Dans une déclaration à l’AFP, l’ancienne ministre de la Justice crie à la « misérable polémique politicienne », en assurant que le gouvernement Jospin avait « fait son travail et l’institution judiciaire a fait le sien, en toute indépendance » (Le Monde). Ségolène Royal a répondu aux « dénonciations calomnieuses » de François Bayrou sur X en rappelant ses instructions prises à l’époque pour protéger les enfants.

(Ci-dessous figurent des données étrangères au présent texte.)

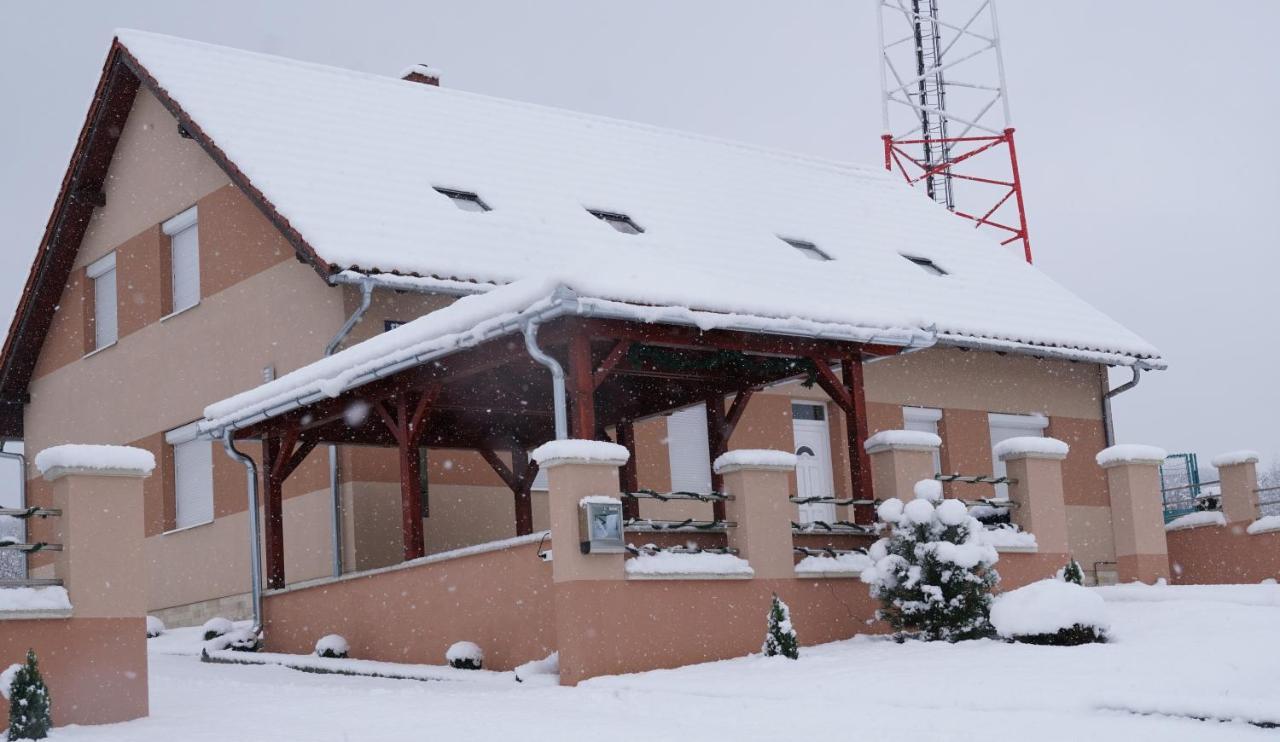 Eplenyi Apartmanhaz * Eplény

Scandalisée par les attaques du P.M, voici mes instructions données dès août 1997pour lever la loi du silence et protéger les enfants. J’envisage une action en dénonciation calomnieuse Circulaire n° 97-175 : Instruction concernant les violences sexuelles. https://t.co/1CNCe89CVV
— Ségolène Royal (@RoyalSegolene) February 18, 2025
Le 4 mars, soit quasiment un mois jour pour jour après l’article de Mediapart qui a mis le feu aux poudres, la congrégation des pères de Bétharram, qui a longtemps dirigé cet établissement catholique, a reconnu sa « responsabilité » et annoncé la création d’une « commission d’enquête indépendante ». « Pour aboutir à une position commune irrévocable, il nous a fallu du temps », a confié à l’AFP le prêtre Laurent Bacho, 75 ans et ancien vicaire régional des bétharramites.